A Call to Action
27 And at this point His disciples came, and they marveled that He talked with a woman; yet no one said, “what do you seek? Or, “Why are You talking with her?” 28 The woman then left her waterpot, went her way into the city, and said to the men. 29 “Come and see a man who told me all things that I ever did. Could this be the Christ?” 30 Then they went out of the city and came to Him.
The rag tag, always ready to stick their foot in their mouth disciples returned. They were surprised to see Jesus talking to a woman.

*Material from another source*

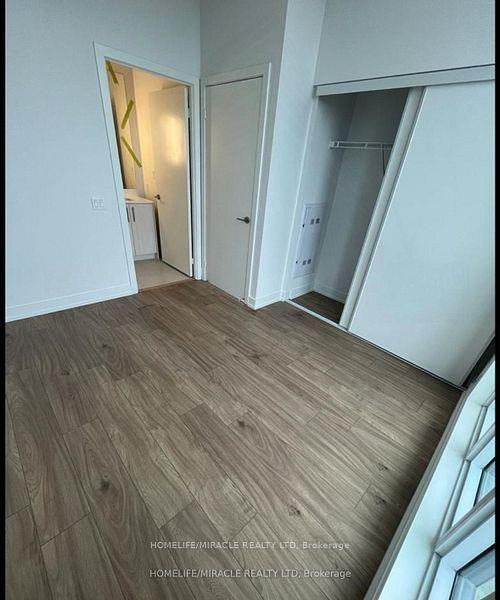 215 Veterans Drive - Photo 4 of 7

For you see it was beneath the dignity of a rabbi, which Jesus was considered to be, to converse with a woman in public.
In Ancient Jewish literary work Aboth R. N. 2 (1d), advises, “Let no one talk with a woman in the street, no not with his own wife”. In the Mishnah the men are admonished, Engage not in to much conversation with women” Yet strangely out of respect for Jesus the disciples kept their mouths shut saying nothing to Jesus or to the woman.
I have found throughout the years of ministry that when one suddenly discovers the Messiah and accept Him into their heart, their first response is to tell others.
For our woman at the well, this realization suddenly comes upon her and she rushes off to the village to tell the others of the person she has met.
This wanting to tell others of what Jesus has done for them is the natural and appropriate response. All Christians upon accepting Christ as their Saviour should share in this response. Yet, I find it puzzling that those who have been a Christian for a long, long time look down their noses at those who have found the love of Christ and want to share their good news of the Gospel with others. Why is this. If the hope instilled upon us at the time of conviction that Christ is the Messiah caused us to respond this way upon first encountering a relationship with Him, why do older Christians, those who should have been drinking of this living water daily, seem to have forgotten their first love. The reality is, the joy and enthusiasm that was displayed by the woman at the well, should continue the rest of our lives, because we have this wonderful hope that should be springing from us as springs of living water to bless others, and show them of Christ’s great love, mercy and salvation that is available to all.
This woman was so happy and overjoyed that she was willing to leave her waterpots to proclaim the good news to the men and elders of the city in which she lived.
Because of the testimony of this woman the people of the village went to see for themselves what had brought such a change upon the life of the woman.
In our Christian experience as the woman at the well found out, Christ will reveal to us our many sins and shortcomings. Not because He is attempting to discourage us, but that His character might be brought out through us and that our character will be changed into His likeness. Yet, as it was evident to the towns people, the change should be seen the very moment we accept Christ as our Messiah.
The power of her witness! The new-found radiance from her face! The changed attitude of this woman caused the village to come to the well that Jacob dug. They listened to the true Son of Jacob create within them the desire for something better. A conviction of personal need. As He called the woman to acknowledge Him as the Messiah, He did the same upon the hearts of all the towns people and finally, a call to action that they to by their changed lives, might witness to others of the great love and mercy of the true Son of Jacob who sat by the well of Jacob, not to give them stagnate earthly water, but the pure water of the that only comes from the throne of God.
I would dearly love to know the reaction of the disciples. What lessons did they learn and what we can learn from the true Son of Jacob, who offers “living water.”